The same payload rule applies to emitted events: `payload` must contain a JSON
array of arguments. An empty payload emits an event with no arguments.

## Access control

The Kernel evaluates access at both connection and event time:

1. The plugin-wide policy must allow the user.
2. The namespace policy must allow the user.
3. If the event has an entry in `event_access`, that event policy must also
   allow the user.

All applicable policies must allow the operation. A namespace policy does not
override a stricter plugin-wide policy, and an event policy does not make a
restricted namespace public.

When an event is denied after a socket has connected, the Kernel emits an
`error` event to that socket.

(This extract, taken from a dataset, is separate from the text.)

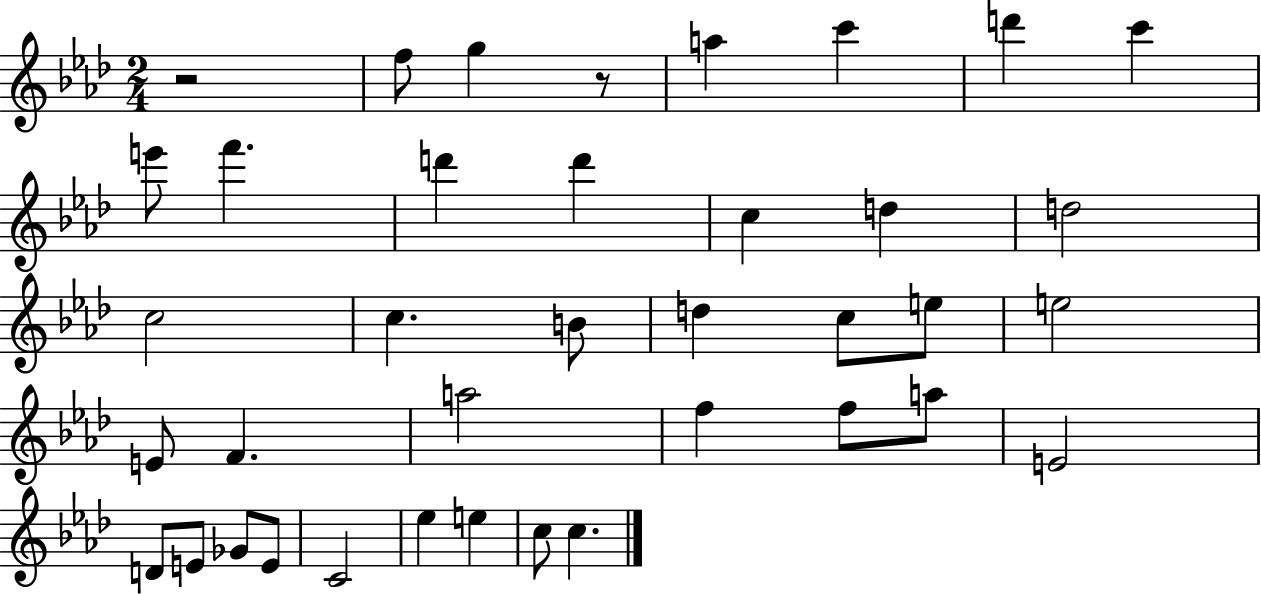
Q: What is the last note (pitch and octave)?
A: C5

The error identifies whether authentication is
required or the user is forbidden. The event is not forwarded to the plugin.
See [Access control](../kernel/config-access) for the policy model.

## Namespace conflicts and lifecycle

A namespace can have only one owning plugin at a time. If another running
plugin already owns the namespace, the Kernel does not attach the new plugin's
namespace declaration.

The namespace conflict affects only that declaration: the plugin still starts,
but the Kernel marks it `degraded`. Other non-conflicting resources can remain
available. Resolve the conflict and restart the plugin to claim the namespace.

Stopping a plugin releases its namespace ownership and disconnects all sockets
connected to that namespace. Restarting the plugin replaces the owner and lets
clients connect again.

## Event handling checklist

Before loading the plugin, verify that:

* the namespace begins with `/` and is unique to the plugin;
* every event the plugin expects is listed in `events`;
* client and plugin agree that each payload is a JSON array of arguments;
* payloads are validated before the plugin uses them;
* namespace and event access policies protect the intended users; and
* emitted events use the correct namespace and target.

Use Socket.IO for connection-oriented, event-driven behavior. Use
[HTTP transport](./transport-http) for request/response interactions and
[static transport](./transport-static) for files that can be served as-is.